WHAT YOU WILL DO: Print out the records below with nothing altered.

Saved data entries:
═══
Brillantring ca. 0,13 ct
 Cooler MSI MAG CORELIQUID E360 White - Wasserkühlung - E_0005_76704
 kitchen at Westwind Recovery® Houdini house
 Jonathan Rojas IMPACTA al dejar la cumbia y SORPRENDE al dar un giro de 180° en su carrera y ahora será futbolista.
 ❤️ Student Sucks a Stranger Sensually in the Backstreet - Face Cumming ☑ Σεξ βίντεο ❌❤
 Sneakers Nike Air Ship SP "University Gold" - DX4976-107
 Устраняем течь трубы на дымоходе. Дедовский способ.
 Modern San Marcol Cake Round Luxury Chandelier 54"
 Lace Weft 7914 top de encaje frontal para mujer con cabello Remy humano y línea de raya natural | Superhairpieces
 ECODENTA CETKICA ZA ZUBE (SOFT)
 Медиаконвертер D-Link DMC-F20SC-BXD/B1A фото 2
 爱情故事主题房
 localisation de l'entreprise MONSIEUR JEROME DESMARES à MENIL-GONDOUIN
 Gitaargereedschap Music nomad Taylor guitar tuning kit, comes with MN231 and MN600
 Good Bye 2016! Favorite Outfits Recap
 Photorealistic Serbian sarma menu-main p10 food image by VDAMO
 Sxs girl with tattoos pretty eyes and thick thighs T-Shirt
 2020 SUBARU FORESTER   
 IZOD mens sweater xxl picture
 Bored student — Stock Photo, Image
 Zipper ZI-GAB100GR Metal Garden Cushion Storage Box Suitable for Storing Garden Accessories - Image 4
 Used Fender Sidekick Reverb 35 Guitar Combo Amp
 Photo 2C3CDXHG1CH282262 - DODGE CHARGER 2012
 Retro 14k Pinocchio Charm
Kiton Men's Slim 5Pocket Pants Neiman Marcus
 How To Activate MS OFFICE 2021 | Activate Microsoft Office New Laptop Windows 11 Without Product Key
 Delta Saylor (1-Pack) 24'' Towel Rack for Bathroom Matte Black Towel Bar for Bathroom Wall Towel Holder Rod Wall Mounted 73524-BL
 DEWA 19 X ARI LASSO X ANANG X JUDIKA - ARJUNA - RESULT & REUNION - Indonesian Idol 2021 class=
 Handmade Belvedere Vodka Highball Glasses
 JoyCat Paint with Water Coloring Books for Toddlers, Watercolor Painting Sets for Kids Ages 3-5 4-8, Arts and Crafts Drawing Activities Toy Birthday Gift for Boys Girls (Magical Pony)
═══
ANSWER TO THIS TASK:
Brillantring ca. 0,13 ct
 Cooler MSI MAG CORELIQUID E360 White - Wasserkühlung - E_0005_76704
 kitchen at Westwind Recovery® Houdini house
 Jonathan Rojas IMPACTA al dejar la cumbia y SORPRENDE al dar un giro de 180° en su carrera y ahora será futbolista.
 ❤️ Student Sucks a Stranger Sensually in the Backstreet - Face Cumming ☑ Σεξ βίντεο ❌❤
 Sneakers Nike Air Ship SP "University Gold" - DX4976-107
 Устраняем течь трубы на дымоходе. Дедовский способ.
 Modern San Marcol Cake Round Luxury Chandelier 54"
 Lace Weft 7914 top de encaje frontal para mujer con cabello Remy humano y línea de raya natural | Superhairpieces
 ECODENTA CETKICA ZA ZUBE (SOFT)
 Медиаконвертер D-Link DMC-F20SC-BXD/B1A фото 2
 爱情故事主题房
 localisation de l'entreprise MONSIEUR JEROME DESMARES à MENIL-GONDOUIN
 Gitaargereedschap Music nomad Taylor guitar tuning kit, comes with MN231 and MN600
 Good Bye 2016! Favorite Outfits Recap
 Photorealistic Serbian sarma menu-main p10 food image by VDAMO
 Sxs girl with tattoos pretty eyes and thick thighs T-Shirt
 2020 SUBARU FORESTER   
 IZOD mens sweater xxl picture
 Bored student — Stock Photo, Image
 Zipper ZI-GAB100GR Metal Garden Cushion Storage Box Suitable for Storing Garden Accessories - Image 4
 Used Fender Sidekick Reverb 35 Guitar Combo Amp
 Photo 2C3CDXHG1CH282262 - DODGE CHARGER 2012
 Retro 14k Pinocchio Charm
Kiton Men's Slim 5Pocket Pants Neiman Marcus
 How To Activate MS OFFICE 2021 | Activate Microsoft Office New Laptop Windows 11 Without Product Key
 Delta Saylor (1-Pack) 24'' Towel Rack for Bathroom Matte Black Towel Bar for Bathroom Wall Towel Holder Rod Wall Mounted 73524-BL
 DEWA 19 X ARI LASSO X ANANG X JUDIKA - ARJUNA - RESULT & REUNION - Indonesian Idol 2021 class=
 Handmade Belvedere Vodka Highball Glasses
 JoyCat Paint with Water Coloring Books for Toddlers, Watercolor Painting Sets for Kids Ages 3-5 4-8, Arts and Crafts Drawing Activities Toy Birthday Gift for Boys Girls (Magical Pony)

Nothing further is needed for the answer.